Review: The Obsidian Blade

The Obsidian Blade
The Obsidian Blade by Pete Hautman
My rating: 4 of 5 stars

This is book one of a planned series, and my main complaint is that it shows it. I would have given it three and 1/2 stars , but decided to be generous today and round up. Since I’m writing this two days after I read it, and have already forgotten most of it, that’s not a great sign even if I do have a faulty memory. That said, it is the story of a young man living a fairly normal life – his father is a preacher, and his mom bakes cookies. Then one day, while up on the roof, he sees his father disappear, and a disc of some kind hovering in the air. He tries to tell his mother, who is always busy with her Sudoku puzzles, what happened, but she told him not to be silly – his dad just probably went into town.
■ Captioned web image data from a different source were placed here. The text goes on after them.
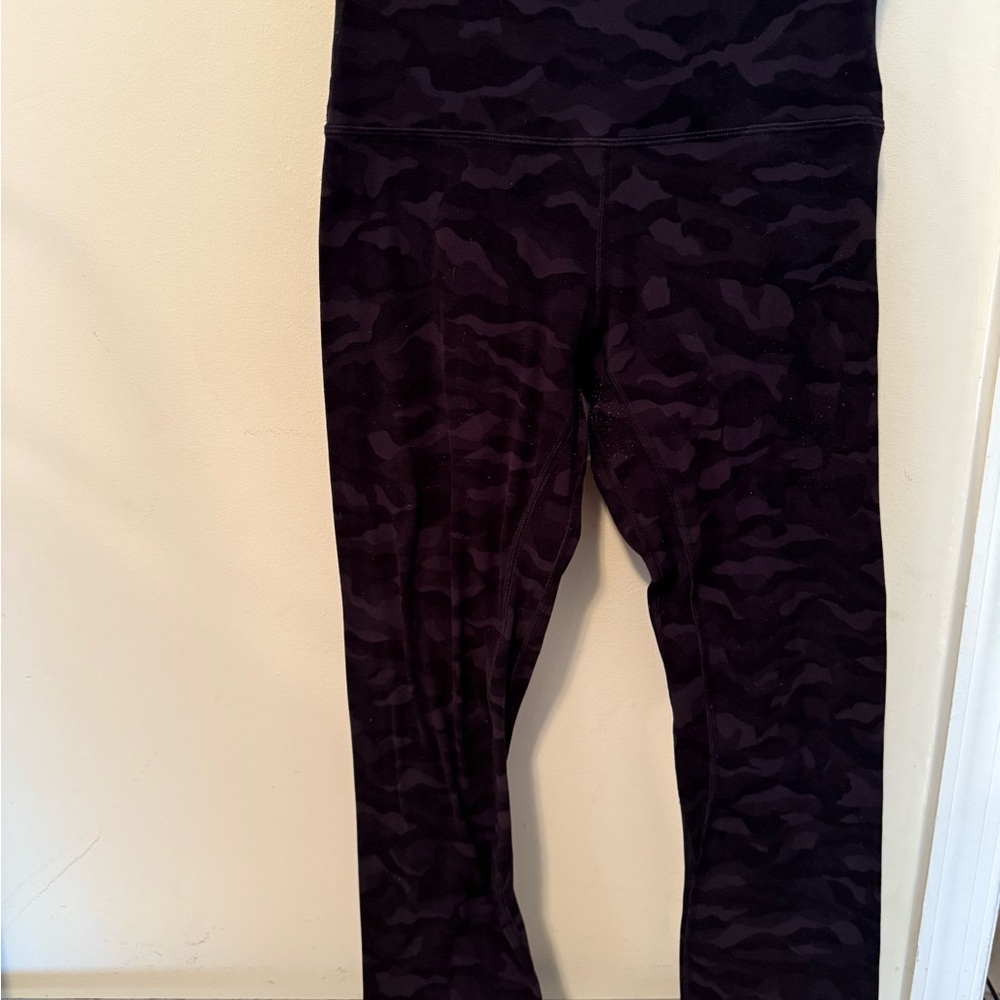 Lululemon Women’s Camo Cropped Leggings, 2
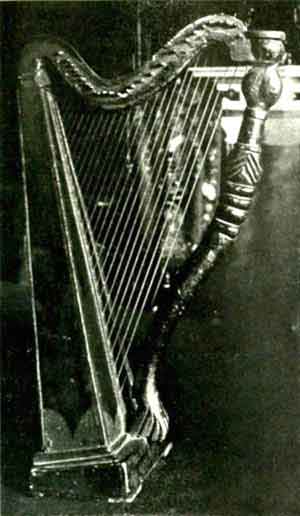 The harp belonging to Lord Llangattock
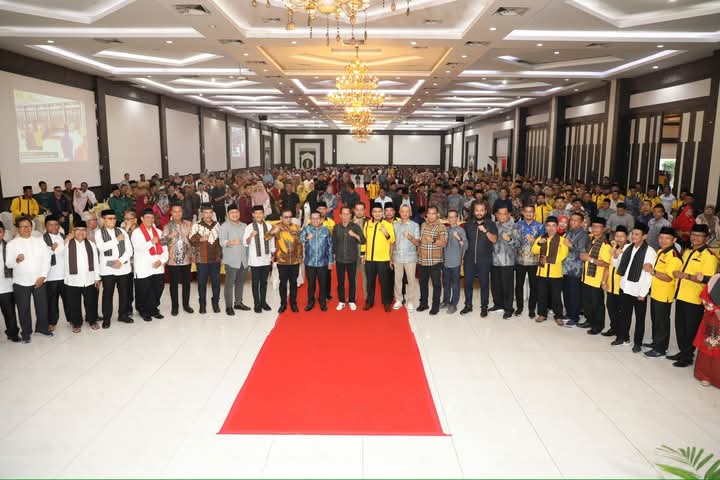 Wali Kota Batam, Amsakar Achmad, menghadiri pelantikan Dewan Pengurus Ikatan Keluarga Tanah Datar (IKTD) Kota Batam Periode 2024-2029 di Golden Prawn, Bengkong, Minggu (18/5/2025). Foto: INIKEPRI.COM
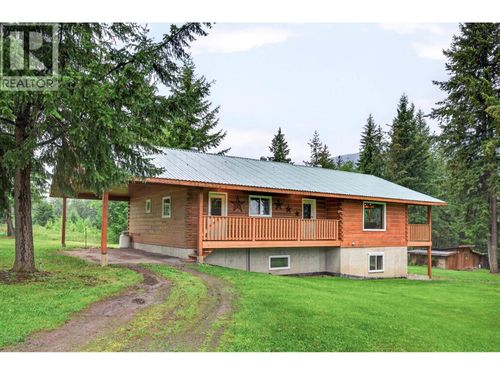 2496 Pye Rd, Clearwater, BC, V0E3A0 | Card Image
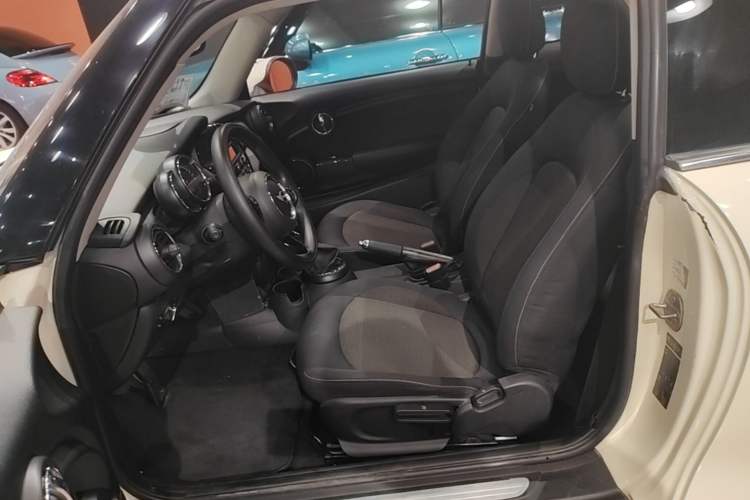 Used MINI 2014 1.2T ONE+ Left Front Seat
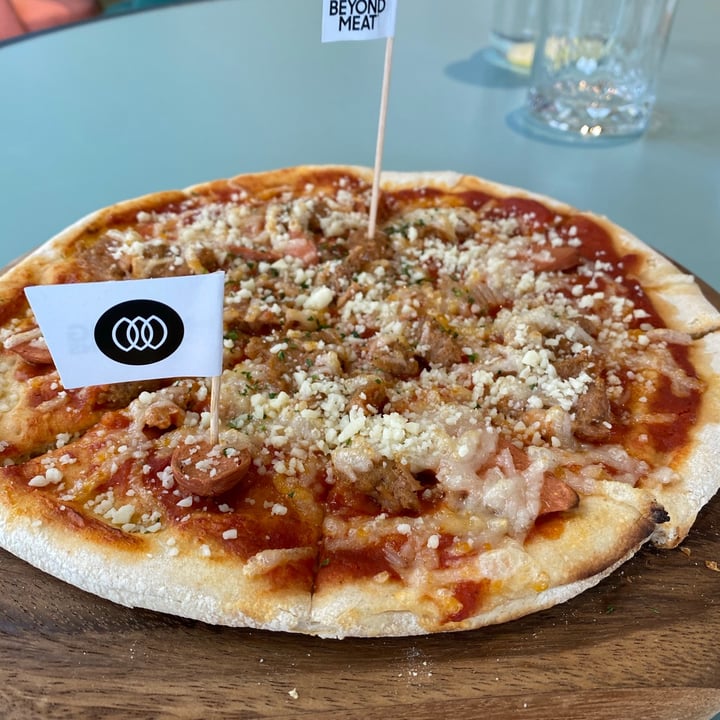 review photo of Green Common Singapore Meat Lovers Pizza shared by @willystyleee on 22 Mar 2021 - review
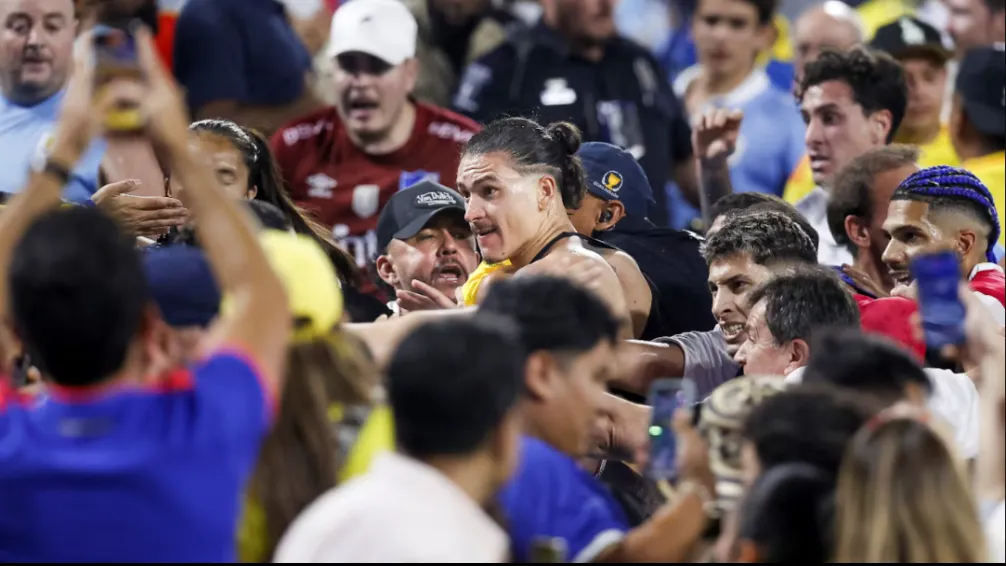 La fuerte decisión que tomó la Conmebol tras la pelea de jugadores de Uruguay con hinchas de Colombia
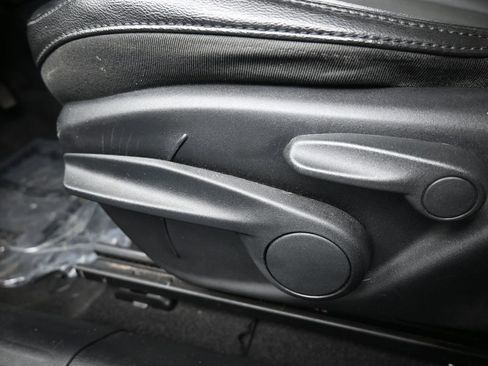 Used 2020 Jeep Compass Latitude image 12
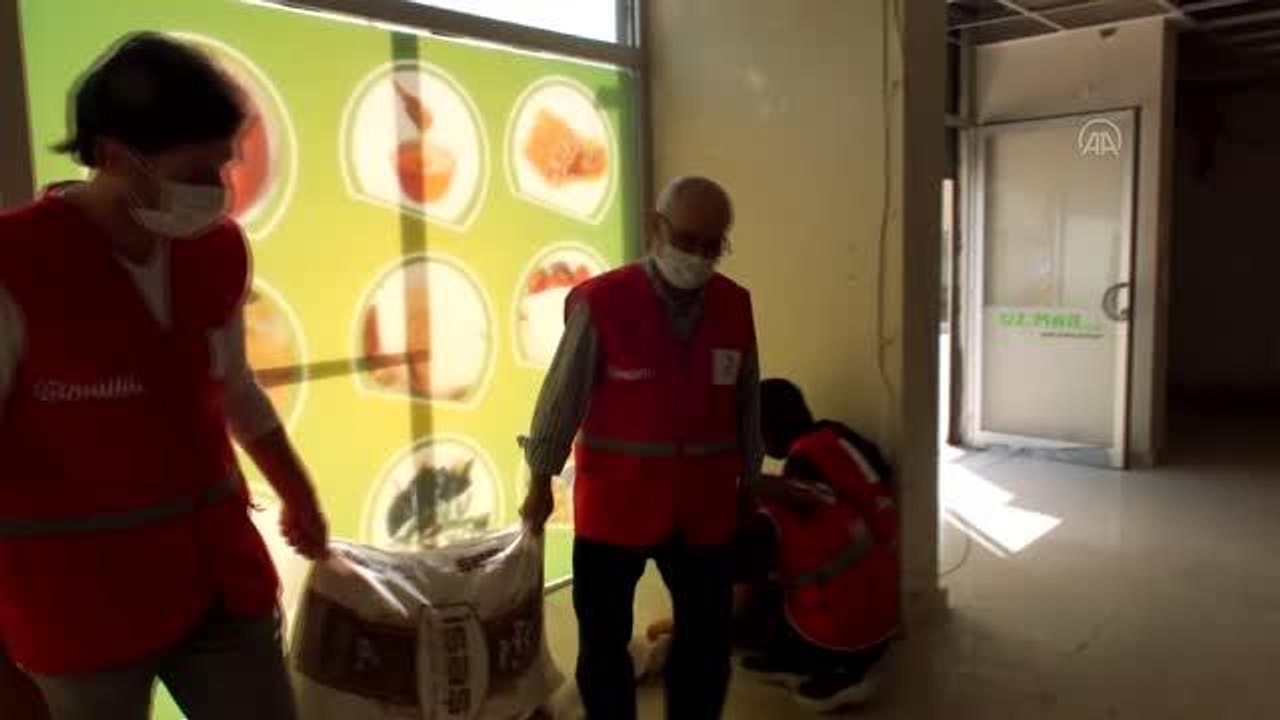 Türk Kızılay Keban'da 250 aileye 250 çuval un ile et dağıttı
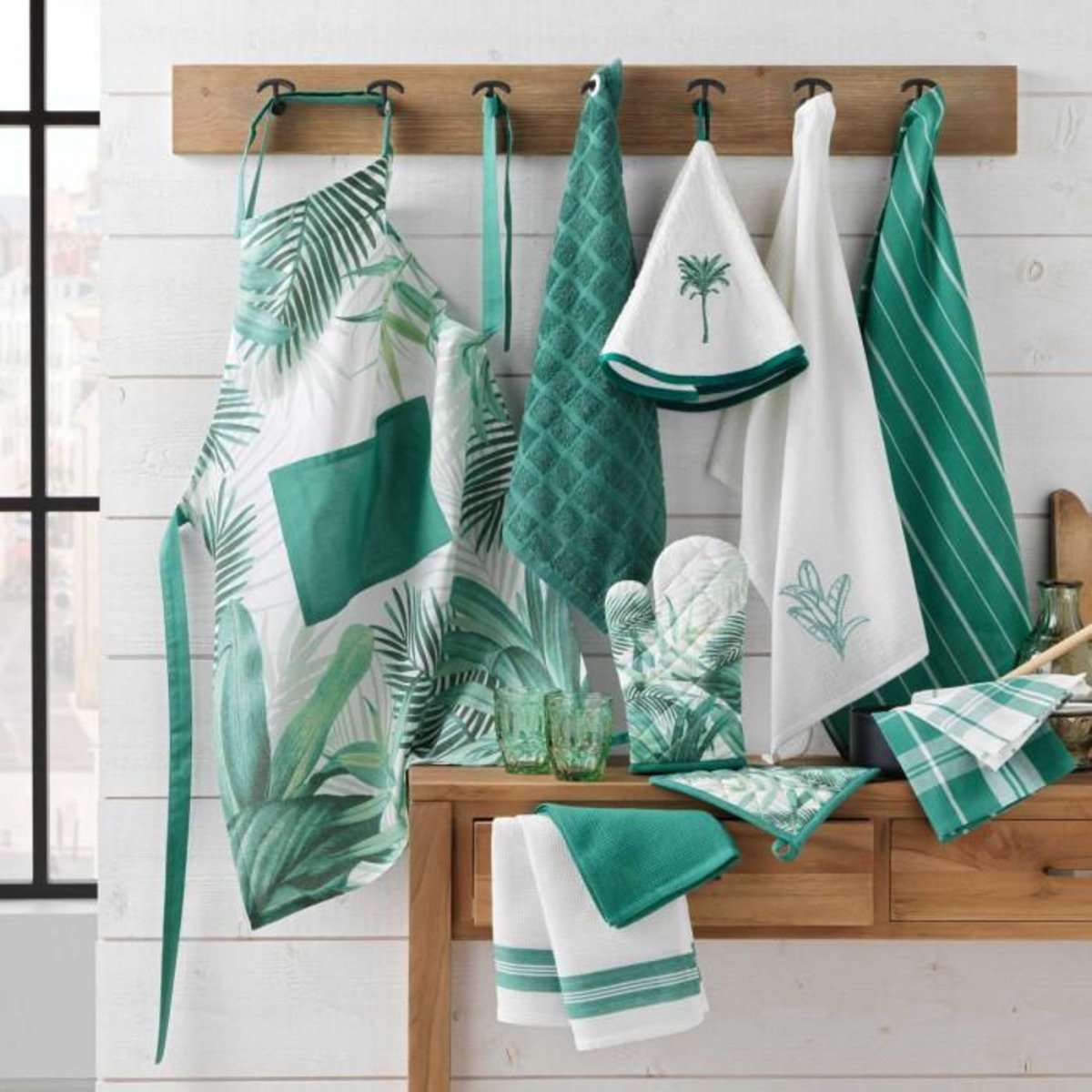 Paris Prix Lot de 2 Torchons Nid d'Abeille Brodé  Botanique  50x70cm Vert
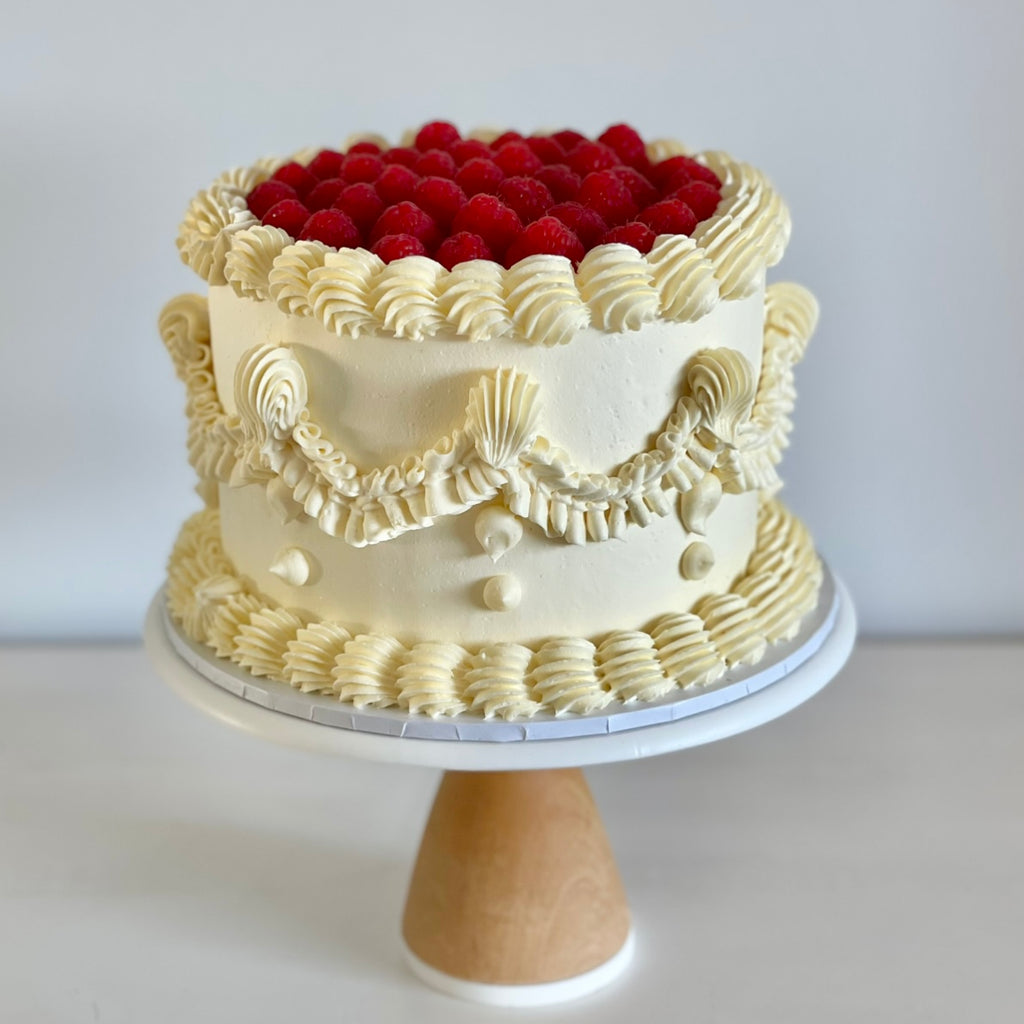 Fresh Berry Vintage Cake
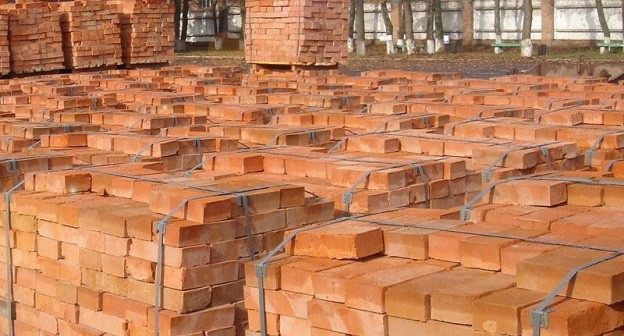 Производство кирпича. Фото: http://ikstav.ru/shop/georgievskij-kirpichnyj-zavod/kupit-georgievskij-kirpich-luchshaya-tsena/ Производство кирпича. Фото: http://ikstav.ru/shop/georgievskij-kirpichnyj-zavod/kupit-georgievskij-kirpich-luchshaya-tsena/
Later that day his father comes home, clothes dirtier, and with a young girl at his side, named Lahlia. She doesn’t speak English. His dad says he found her in town when he went. And being a good man, decides to take her in until a family can be found for her. But now his father no longer believes in God. His dad, who used to run a bible-thumping church, is an atheist, and won’t explain how or why he made this transition. Lahlia and Tucker get a long well, but she is soon adopted into a conservative Christian family and he rarely sees her any more. Then his mother starts changing too – she becomes distant, withdrawn, obsessed with her puzzles and numbers, until one day both his father and mother disappear into a disc that appears again. His dad left a cryptic note that he was talking his mother to get healed, and that Tucker couldn’t come, and that he was sending his uncle to look out for him. The next day, up comes Kosh, a tattooed, leather clad biker, who isn’t that happy about taking in a teenager, but does so, as blood is blood. The rest of the book deals with his trying to find his father and mother by using these strange discs, of which there are two in town that come and go. He learns a lot about the “diskos,” and as he tries to right the past, he is drawn into greater conspiracies. So many threads left handing, my greatest complain was that so much was not revealed that this book has a hard time standing on it’s own. I personally would wait for more in the series. And the ending just drifts of. But the premise is interesting, and the origin and use of the diskos also, so it shows promise. I’d wait until at least Book two is out.